Gays, not everyone is going to bake you a cake. That’s the reality of it. Not everyone is going to agree with your choices. But hopefully there is a bakery out there, if you call around, who will bake you a cake. I wish that you could have left this bakery alone when they refused you and just moved on. I know they aren’t the only bakery in the city where you live. Not everyone is going to agree with your lifestyle, and that’s okay. Melissa’s bakery didn’t come after you to tell you that you are wrong. They simply stood up for what the Constitution of the United States of America gives them the right to stand up for–what they believe. You sought out that bakery to tear it down with hatred and violence and disgusting words of shame and torture.
Klein family, I am sorry that you suffered at the hand of violence and bigotry in its own sense. I am sorry that you felt closing your bakery was your only option. You have a right to stand up for what you believe in, and you did so.

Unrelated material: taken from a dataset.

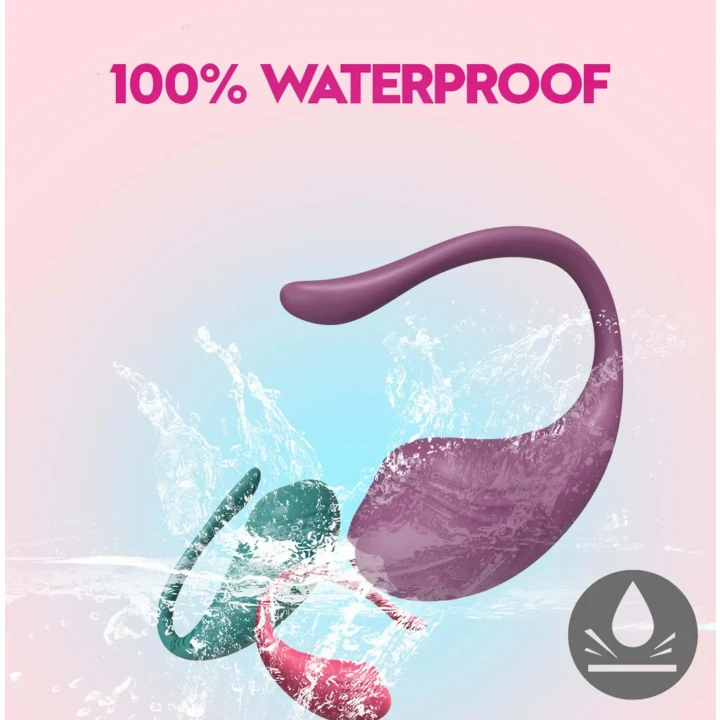 Wibrator jajeczny App Love Egg, 9 trybów wibracji, sterowanie Bluetooth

You did so without name calling, without hatred, and without threats. You simply said, “no”.
America, if you don’t agree with someone or something, don’t force your beliefs on them until they have no choice but to crumble. Accept that we are all human, that we are all different, and that we all hold different values. That’s what makes us Americans–that we can all live together while all being completely different. We don’t all have to agree. We won’t always get our cake baked. But we can all treat each other with respect and Christlike love.